XRQ技研業務日誌

ものづくりを楽しんでいます。日々の暮らしの中に面白そうなものを探しながら

天体ショウ

shig552008-12-06

朝晩の寒さが増してきた。紅葉が進み、桜の葉が赤から褐色に近くなり、その数もだいぶ少なくなった。出勤途中の時間帯、桜並木が朝日を横から浴びて輝いている様子は、一見の価値がある美しさだ。

気温が下がると空気中の水分が少なくなるので、空気が澄んでくる。夜空の星たちの輝きも増す。この頃の主役は金星と木星、そして月だ。12月1日、ちょうど三日月で、金星と木星が目、上側に弦のきた三日月が口のような位置関係になり、にっこりマークが夜空に出現した。それぞれの明るさが際だっているので、私の住むあたりでもよく見える。惑星と月がこのような位置関係になるのは何年に一度なのだろうか。珍しい天体ショウに見とれてしまった。
このごろ金星と木星がだんだんに近づき、美しさを競い合っている雰囲気が続いているので、毎晩注意していたのだが、その競い合いに月が割り込んできたような感じである。
12月3日になると月が月齢を増し、金星や木星よりも遅れて昇ってくる。夕方には惑星たちは地平線に近く横に並び、その斜め上にちょっと太った月がちょうど風を受けてしなったような形で輝いている。そう、凧揚げのような図柄である。金星と木星から見えない糸が伸び、風を受けた月が空高く舞い上がっているような位置関係になっていた。
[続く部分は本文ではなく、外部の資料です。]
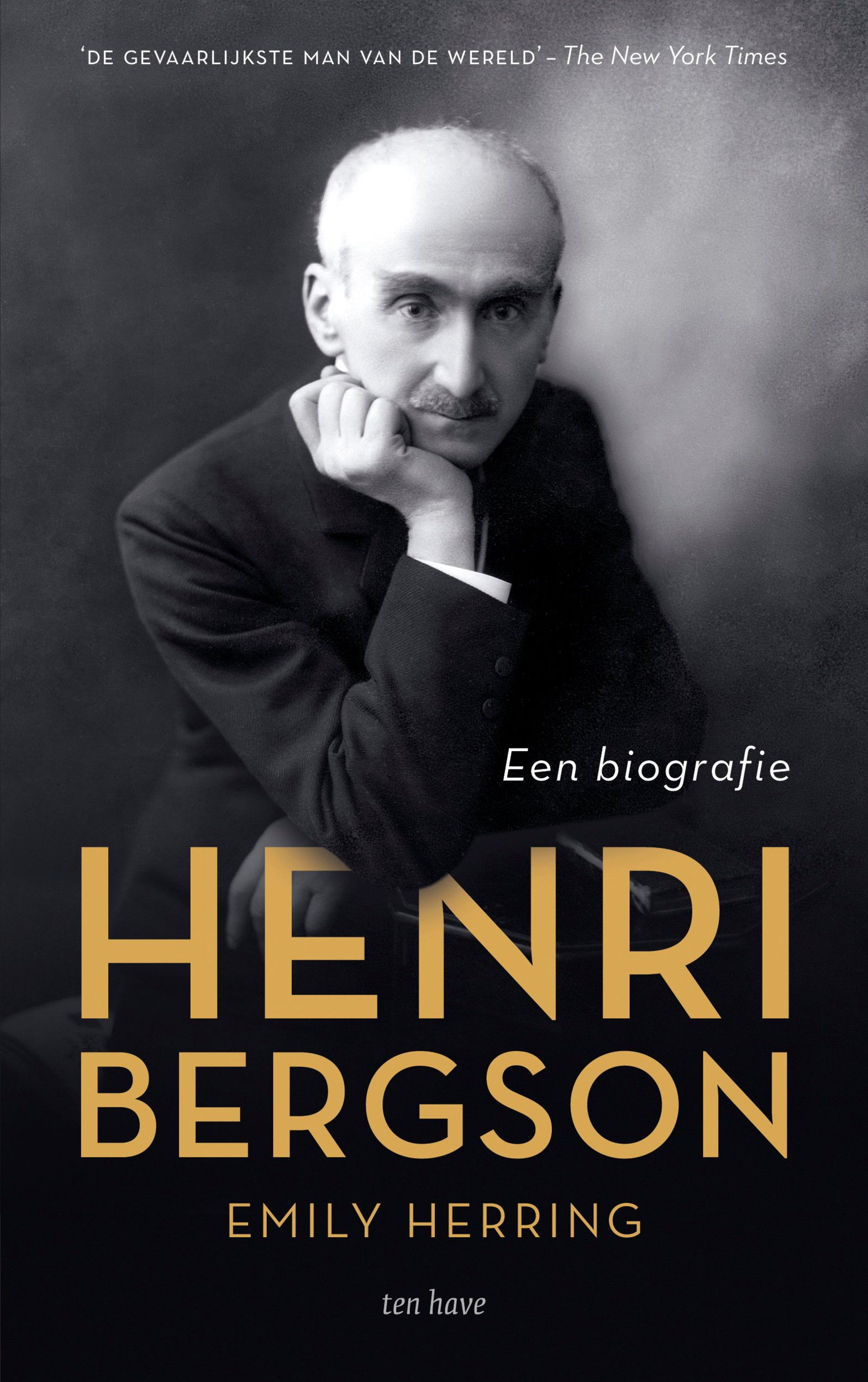 Boekomslag met zwart-wit foto van een man met snor en kalend hoofd. HIj houdt zijn rechterhand onder zijn hoofd en leunt op de goudgele letters van de boektitel.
今日は雲が多く、全天を見ることは出来ないが上弦の月がきれいだ。惑星からだいぶ離れてしまい、一つの絵柄には納まらなくなってしまっている。木星の明るさがやけに目立っていた。

毎日アクセクと暮らしている中で、ふと空を見上げたとき、思いもよらないショウが繰り広げられているのを発見するのは嬉しいことである。家に帰り、あわてて天文年鑑などを開いて星の動きを調べる。天体の見かけ上の動きはほぼ計算により予想されているのだが、実際にこのようなショウを目にするとき大きな感動を覚える。

天球儀を買ってしまった。あるミュージアムショップで、組み立て式の天球儀が売られていたのである。ペーパークラフトで五角形と六角形の組み合わせで、半球を造り、北極星側と南十字星側を合わせると全球の天球儀になる。切れ込みを順に合わせ、裏側からセロテープで留めていくだけで半球が出来上がってしまった。よくもこのような立体図形を考えたものである。さらに一つ一つの五角形、六角形の中に折り込まれる位置に合わせて星を印刷してある。立体としての位置関係を平面の中に印刷できるよう細かな座標変換を行っている。説明書には「コンピュータによって印刷された」とさりげなく書かれているが、すごいことをやるものだ。
一つ一つの星は蛍光塗料で描かれており、電灯を消すときれいに光る。通常、この天球儀の中心にいて星を見ているわけだから、外から星を見るのは奇妙な感じである。見かけ上の星の位置を球体に投影したものが天球儀であるから実際の星の位置を表しているわけではない。宇宙空間のどこかに視点を置いてもこのような景色を見ることはない。では、暗い部屋の中で輝いている天球儀は何を表しているのだろう・・・と変な気持ちになってしまう。
星座と星座の関係や天球での位置関係を見るには便利である。本来ならば天球儀の中心に視点を置いて天球を見るべきなのだが、こんな小さな天球儀でもおもしろい。

街の明かりが明るいので、夜空の星もわずかしか見えない。しかし、惑星はとても明るくなるときがあるので華やかである。この数日は楽しいショウを楽しませてもらった。次はどんなショウに出会えるか楽しみである。